Last week, angry Conservatives MPs stormed out of the meeting describing the 155-page document, which has now been published in full, as “too gloomy”.
However, the committee, chaired by Hilary Benn, said these assertions were “unsubstantiated” because the government had failed to assess the implications of such a scenario.
The clause, which has caused Eurosceptic MPs to disown their own report, comes after David Davis, the Brexit Secretary, admitted that he “could not quantify” the impact of failing to agree a new trade deal before 2019.
“Without an economic assessment of ‘no deal’ having been done and without evidence that steps are being taken to mitigate what would be the damaging effect of such an outcome, the Government’s assertion that ‘no deal is better than a bad deal’, is unsubstantiated,” it said.

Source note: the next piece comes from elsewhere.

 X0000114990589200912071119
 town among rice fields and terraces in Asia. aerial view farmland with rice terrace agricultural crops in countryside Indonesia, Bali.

“Parliament must be in an informed position to decide whether a proposed deal is, in fact, better or worse than ‘no deal’.”
“The report was rushed, skewed and partisan,” said Dominic Raab, a Eurosceptic former Conservative justice minister. “After two reports that had strong support, it’s regrettable that this one split the committee.”
The report, which was backed by a majority of 11 to 6, also stated that Brexit doesn’t mean reducing immigration.
“The Government’s objective is to secure control of EU migration and this may not entail reducing numbers,” it said.
It added: “We note the Foreign Affairs Committee’s recent conclusion that a ‘no deal’ scenario ‘represents a very destructive outcome leading to mutually assured damage for the EU and the UK’. We share that view. It is, therefore, very important that both the UK and the EU avoid reaching the end of the two-year negotiating period without an agreement.”
The report also noted that “there is no precedent for the conclusion of a major, comprehensive bilateral or multilateral FTA [free trade area] covering goods and services within two years.”
“There is also no precedent for the negotiation of a major FTA between countries that are already convergent in legal and regulatory terms.
“It may be that starting from this position of convergence enables the terms of a future trade deal to be negotiated more quickly than comparable agreements such as CETA [Comprehensive Economic and Trade Agreement]. It is not yet evident, however, that the two-year timetable for achieving this is realistic.”
The report comes as President Donald Trump claimed Brexit could be a “very good thing” for both parties.